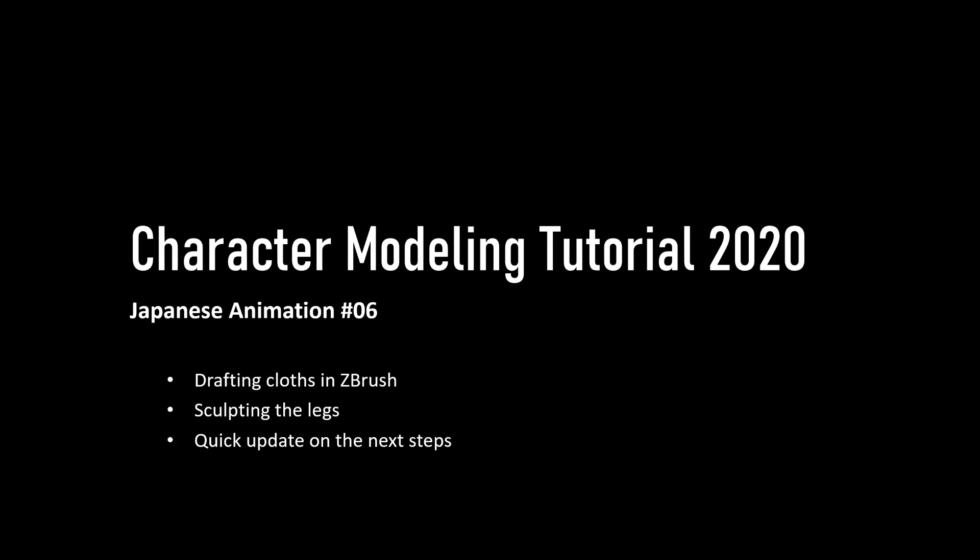Hello, this is Daniel and welcome to the sixth part of this character modeling tutorial series. This video will be rather brief, but to give you a quick overview, we will be talking about how to draft the cloths in ZBrush, we will be sculpting the legs, and at the end I'll give you a quick update on the next steps that are to come. So with that out of the way, let's get started.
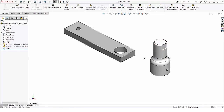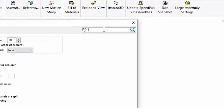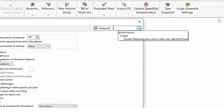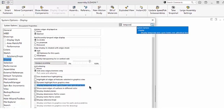In a SOLIDWORKS 2022 service pack, an option was added to control that behavior. The easiest way to find it is to search for 'temporary.' It's a system option under Display and is checked on by default. I was happy to see this new option because my preference is for that to not happen, so I'll check it off.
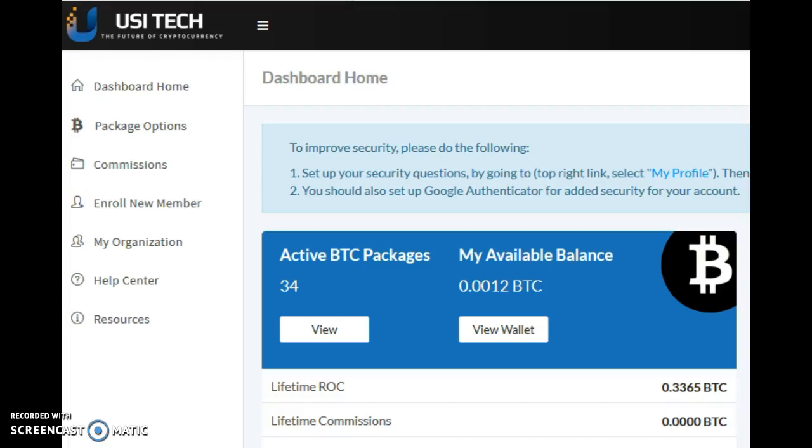Hi guys, I just wanted to show you this really quick video to show you my back office just to prove to you that USITech is actually working.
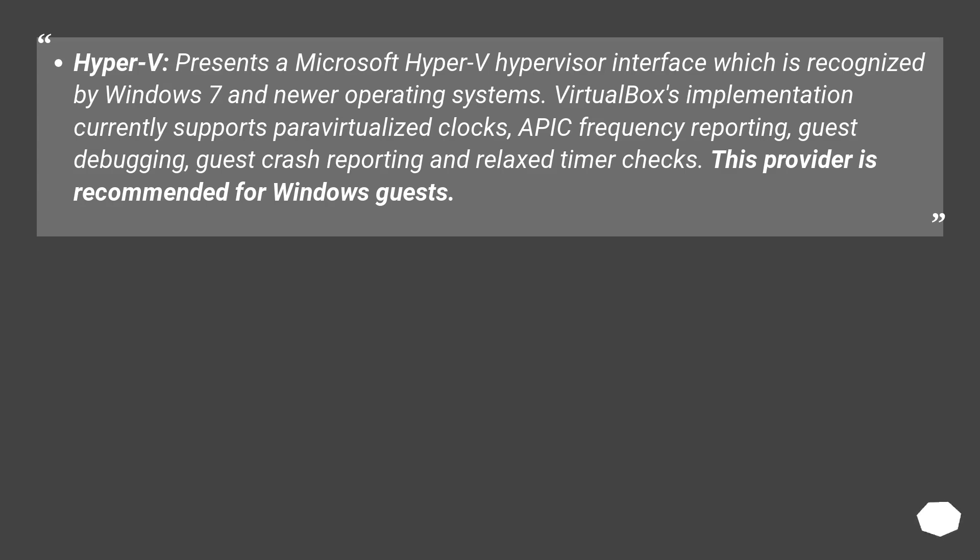guest debugging, guest crash reporting, and relaxed timer checks. This provider is recommended for Windows guests.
--------------------
Your goal →
Reproduce the listing exactly. Leave its pictures out.

Task result →
Hello, this is Daniel and welcome to the sixth part of this character modeling tutorial series. This video will be rather brief, but to give you a quick overview, we will be talking about how to draft the cloths in ZBrush, we will be sculpting the legs, and at the end I'll give you a quick update on the next steps that are to come. So with that out of the way, let's get started.
In a SOLIDWORKS 2022 service pack, an option was added to control that behavior. The easiest way to find it is to search for 'temporary.' It's a system option under Display and is checked on by default. I was happy to see this new option because my preference is for that to not happen, so I'll check it off.
Hi guys, I just wanted to show you this really quick video to show you my back office just to prove to you that USITech is actually working.
guest debugging, guest crash reporting, and relaxed timer checks. This provider is recommended for Windows guests.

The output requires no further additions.